- [ABOUT THIS EXERCISE]:
Repeat only these lines, exactly: the first line of the data, the line containing "Casa 143m² - 3", and every line between them. Pictures stay out.

- [ENTRIES PROVIDED]:
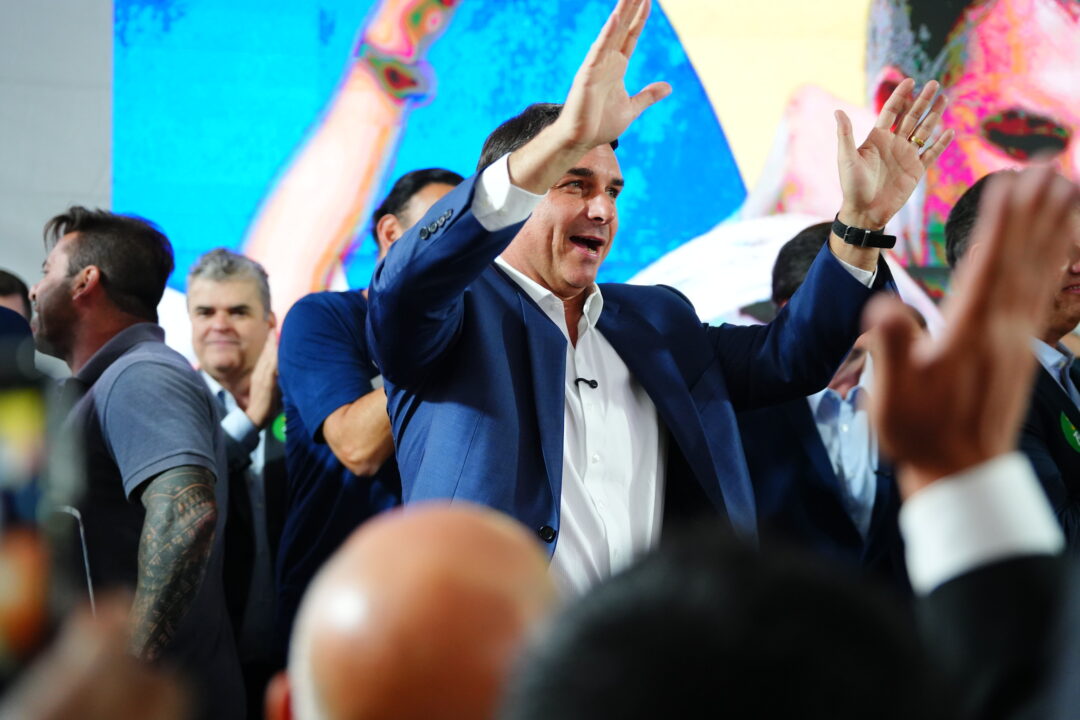 Flávio confirma ida a debate e diz que enganou Lula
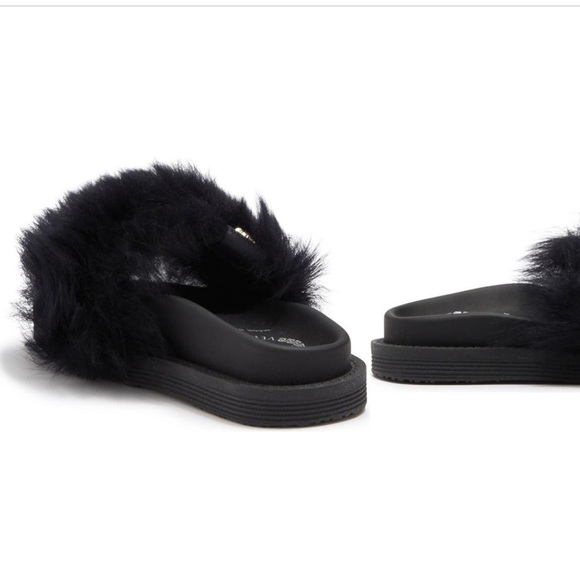 VERSACE
FAUX Fur Slide Sandal - Picture 3 of 6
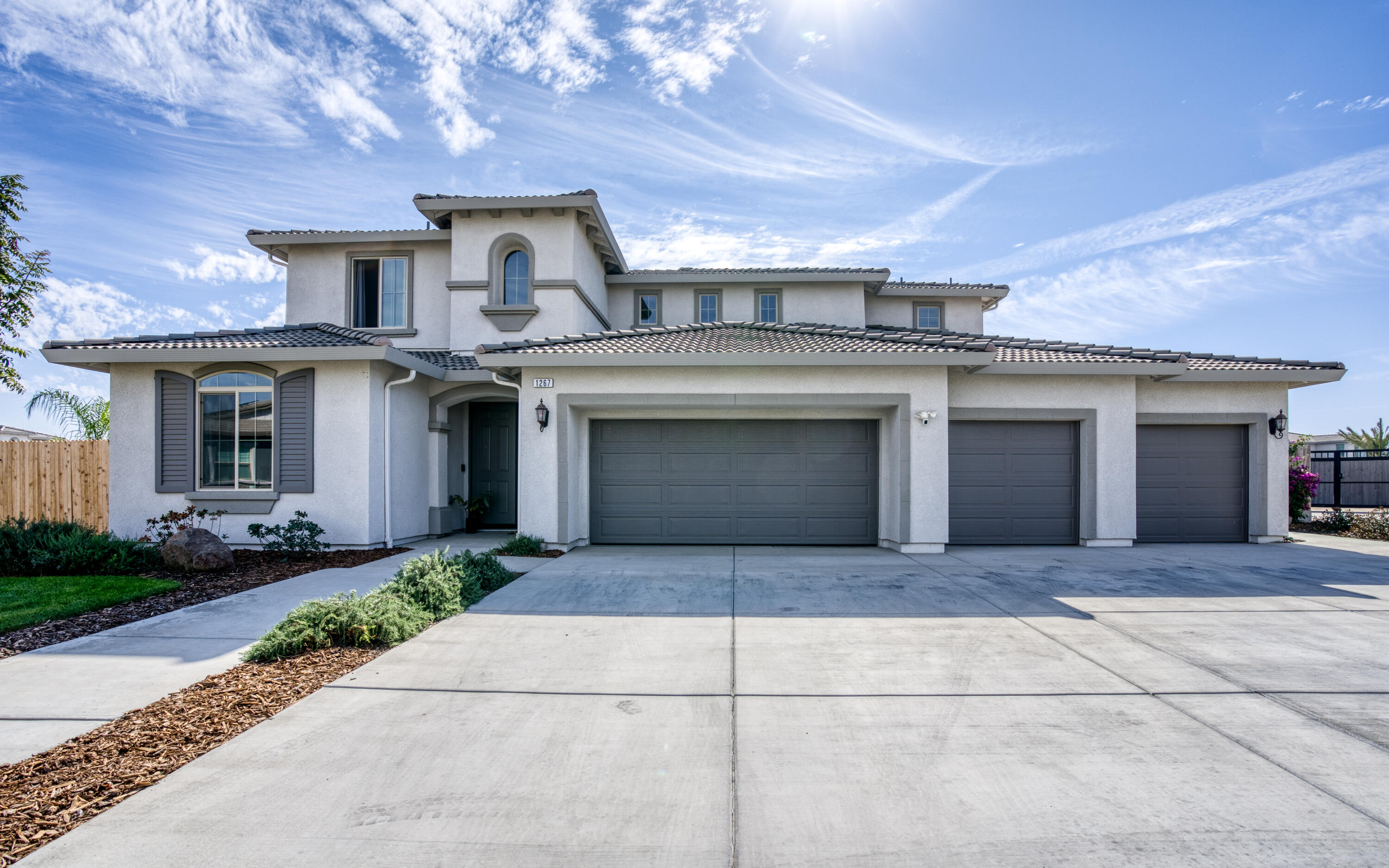 1267 Gold King Place Cir, Dinuba, CA 93618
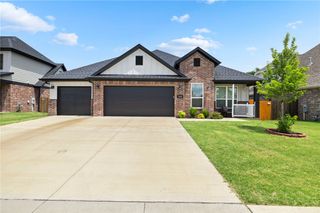 5300 SW Tea Olive Lane, Bentonville, AR 72713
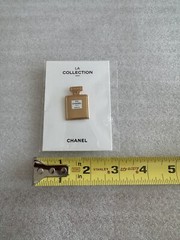 Chanel Beauté N.5 Chanel small golden brooch. Brand New. Great Collection 🥰😍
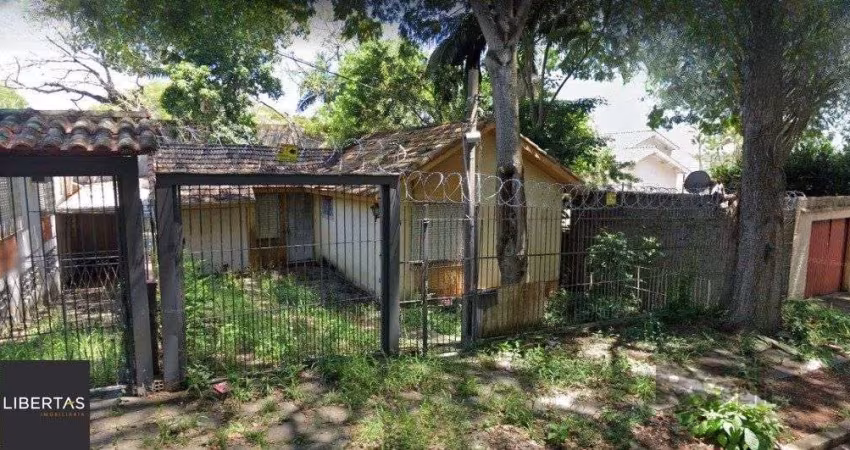 Casa 143m² - 3 dormitórios, 2 vagas no bairro Santa Tereza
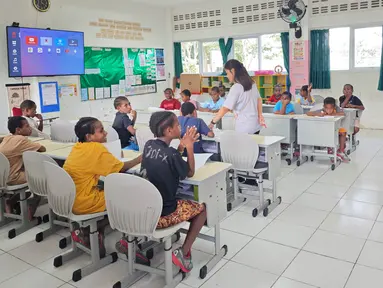 Suasana kelas tambahan di Sekolah Asrama Taruna Papua. SATP adalah sekolah berbasis asrama milik Yayasan Pemberdayaan Masyarakat Amugme dan Kamoro (YPMAK). (Foto: Liputan6.com)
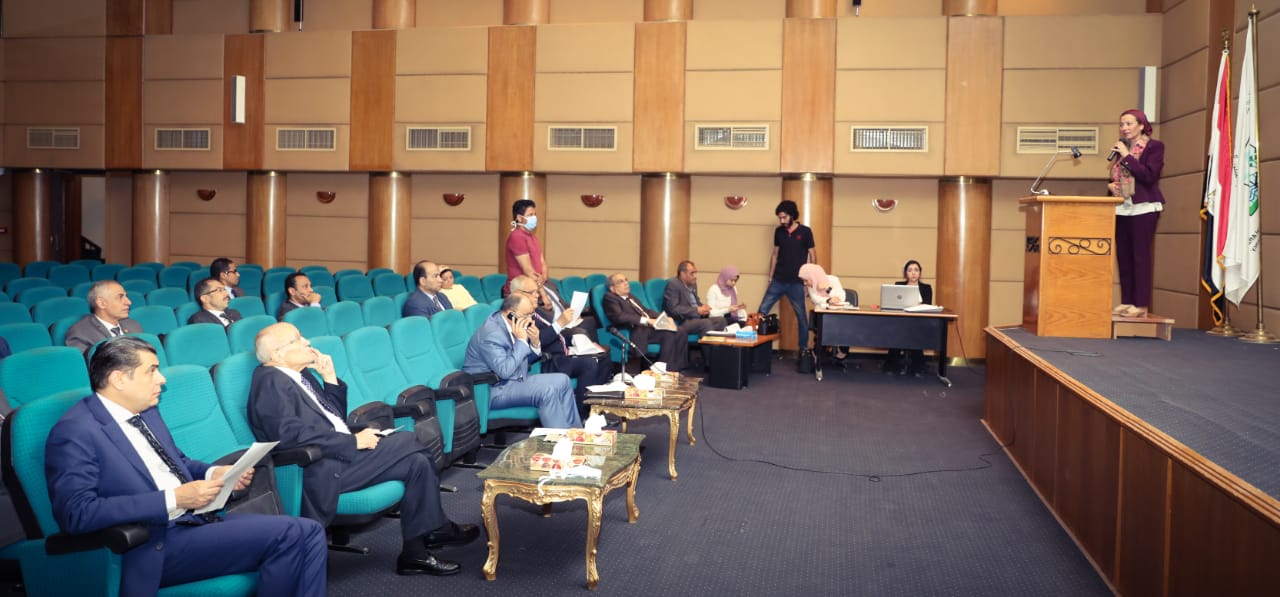 وزيرة البيئة تتابع مع وزيرا الإنتاج الحربي والتنمية المحلية تنفيذ منظومة المخلفات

- [WRITTEN SOLUTION]:
 Flávio confirma ida a debate e diz que enganou Lula
 VERSACE
FAUX Fur Slide Sandal - Picture 3 of 6
 1267 Gold King Place Cir, Dinuba, CA 93618
 5300 SW Tea Olive Lane, Bentonville, AR 72713
 Chanel Beauté N.5 Chanel small golden brooch. Brand New. Great Collection 🥰😍
 Casa 143m² - 3 dormitórios, 2 vagas no bairro Santa Tereza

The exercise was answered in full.